Written on September 4, 2008

Bloc Party “Intimacy”
stars-4
Apparently Bloc Party are big Radiohead fans, in more ways than one. They’ve adopted the online-album download paradigm that so famously sold huge for last year’s In Rainbows, along with the same piracy-dodging last-minute album announcement. But business aside, they’ve also paralelled their art rocker cousins’ penchant for dabbling with programmed rhythms and sampling. Not that Radiohead has a lockdown on pre-built drums, but there’s a clear departure from the sparse-and-spiky guitar attack of Silent Alarm that smacks of Kid A influences. Personally, it would make no difference to me if they went all-glockenspiel so long as the songs were more hummable than Weekend’s lackluster effort. And that’s where Intimacy shines – nearly every track has sing-along potential. Lead single “Mercury” is a nice encapsulation of the new album, all sampled voices, stacking layers of programming, distressing filter effects, and a chaotic free jazz finale.
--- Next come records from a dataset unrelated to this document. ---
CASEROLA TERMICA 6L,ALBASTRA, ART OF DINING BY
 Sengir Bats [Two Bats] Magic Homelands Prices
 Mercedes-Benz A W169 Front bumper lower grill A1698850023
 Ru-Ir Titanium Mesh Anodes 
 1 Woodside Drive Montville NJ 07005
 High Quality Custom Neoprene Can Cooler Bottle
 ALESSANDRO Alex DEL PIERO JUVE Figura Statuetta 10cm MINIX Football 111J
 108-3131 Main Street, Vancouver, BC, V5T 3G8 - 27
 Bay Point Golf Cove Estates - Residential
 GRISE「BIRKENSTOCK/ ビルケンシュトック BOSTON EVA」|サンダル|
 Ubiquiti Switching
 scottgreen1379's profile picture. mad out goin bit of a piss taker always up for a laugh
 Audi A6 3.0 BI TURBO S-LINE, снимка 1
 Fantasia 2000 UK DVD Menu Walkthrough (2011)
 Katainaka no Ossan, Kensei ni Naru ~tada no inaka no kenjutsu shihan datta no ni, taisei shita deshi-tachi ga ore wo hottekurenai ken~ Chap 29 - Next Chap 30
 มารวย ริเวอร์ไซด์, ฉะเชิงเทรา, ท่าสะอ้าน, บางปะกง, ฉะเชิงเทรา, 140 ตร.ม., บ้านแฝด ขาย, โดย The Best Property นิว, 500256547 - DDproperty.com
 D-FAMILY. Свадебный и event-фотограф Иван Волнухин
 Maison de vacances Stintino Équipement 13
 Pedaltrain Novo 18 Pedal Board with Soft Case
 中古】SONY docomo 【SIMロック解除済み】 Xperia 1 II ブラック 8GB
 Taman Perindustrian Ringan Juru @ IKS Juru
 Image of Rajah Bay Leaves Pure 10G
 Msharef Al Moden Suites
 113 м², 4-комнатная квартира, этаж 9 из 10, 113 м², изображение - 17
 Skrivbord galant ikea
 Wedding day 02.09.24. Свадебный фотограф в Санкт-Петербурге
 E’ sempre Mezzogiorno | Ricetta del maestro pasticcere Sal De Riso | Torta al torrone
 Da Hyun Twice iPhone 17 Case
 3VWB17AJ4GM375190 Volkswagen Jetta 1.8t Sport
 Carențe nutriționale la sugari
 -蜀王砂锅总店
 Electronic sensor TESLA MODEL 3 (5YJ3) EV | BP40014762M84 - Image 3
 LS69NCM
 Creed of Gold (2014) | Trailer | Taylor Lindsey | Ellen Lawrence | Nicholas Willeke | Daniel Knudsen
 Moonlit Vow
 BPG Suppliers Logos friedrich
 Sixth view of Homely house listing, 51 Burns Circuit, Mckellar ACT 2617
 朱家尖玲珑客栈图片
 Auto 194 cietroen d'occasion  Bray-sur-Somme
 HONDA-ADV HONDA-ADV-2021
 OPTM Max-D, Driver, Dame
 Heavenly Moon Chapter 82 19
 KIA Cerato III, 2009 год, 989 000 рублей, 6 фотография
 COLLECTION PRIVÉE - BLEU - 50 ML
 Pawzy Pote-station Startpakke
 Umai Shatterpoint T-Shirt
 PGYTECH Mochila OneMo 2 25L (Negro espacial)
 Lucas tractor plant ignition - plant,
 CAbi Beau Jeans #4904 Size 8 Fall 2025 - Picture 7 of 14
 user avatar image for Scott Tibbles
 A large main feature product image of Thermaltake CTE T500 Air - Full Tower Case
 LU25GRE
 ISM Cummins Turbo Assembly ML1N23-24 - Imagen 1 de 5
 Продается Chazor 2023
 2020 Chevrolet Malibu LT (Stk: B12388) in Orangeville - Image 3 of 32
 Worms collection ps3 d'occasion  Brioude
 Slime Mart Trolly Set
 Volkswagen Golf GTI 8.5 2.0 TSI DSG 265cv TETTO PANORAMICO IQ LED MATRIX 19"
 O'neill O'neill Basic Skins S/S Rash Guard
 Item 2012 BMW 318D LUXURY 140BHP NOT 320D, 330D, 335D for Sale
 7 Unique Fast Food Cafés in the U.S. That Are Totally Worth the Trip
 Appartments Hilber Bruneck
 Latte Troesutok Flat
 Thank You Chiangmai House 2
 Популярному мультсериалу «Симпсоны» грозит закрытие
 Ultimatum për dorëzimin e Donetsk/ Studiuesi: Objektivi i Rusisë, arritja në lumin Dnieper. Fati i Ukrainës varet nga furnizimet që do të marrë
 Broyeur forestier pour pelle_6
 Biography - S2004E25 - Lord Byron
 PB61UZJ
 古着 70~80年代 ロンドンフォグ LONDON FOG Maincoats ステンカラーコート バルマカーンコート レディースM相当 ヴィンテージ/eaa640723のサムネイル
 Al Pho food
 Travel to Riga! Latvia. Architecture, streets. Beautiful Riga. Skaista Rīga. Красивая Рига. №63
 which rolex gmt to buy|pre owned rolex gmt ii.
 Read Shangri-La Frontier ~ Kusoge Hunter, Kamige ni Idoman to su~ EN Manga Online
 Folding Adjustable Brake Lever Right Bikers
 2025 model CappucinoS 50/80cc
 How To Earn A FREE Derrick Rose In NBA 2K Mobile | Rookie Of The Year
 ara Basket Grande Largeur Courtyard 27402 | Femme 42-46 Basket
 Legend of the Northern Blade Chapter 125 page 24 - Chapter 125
This along with “Ares” and “Trojan Horse” prove Bloc Party has an acumen for leaving on a high note, crashing to a frenetic close and leaving you wanting more. There are a couple lyrical stumbles throughout, but overall, the album is fast-moving, dripping with hooks, and gets better as you progress through the tracklist. They even find time to rediscover their stringed instruments on the killers “Halo” and “One Month Off,” the latter viciously warning, “I can be as cruel as you/ Fighting fire with firewood.” If only more so-called “break-up albums” could be this much fun.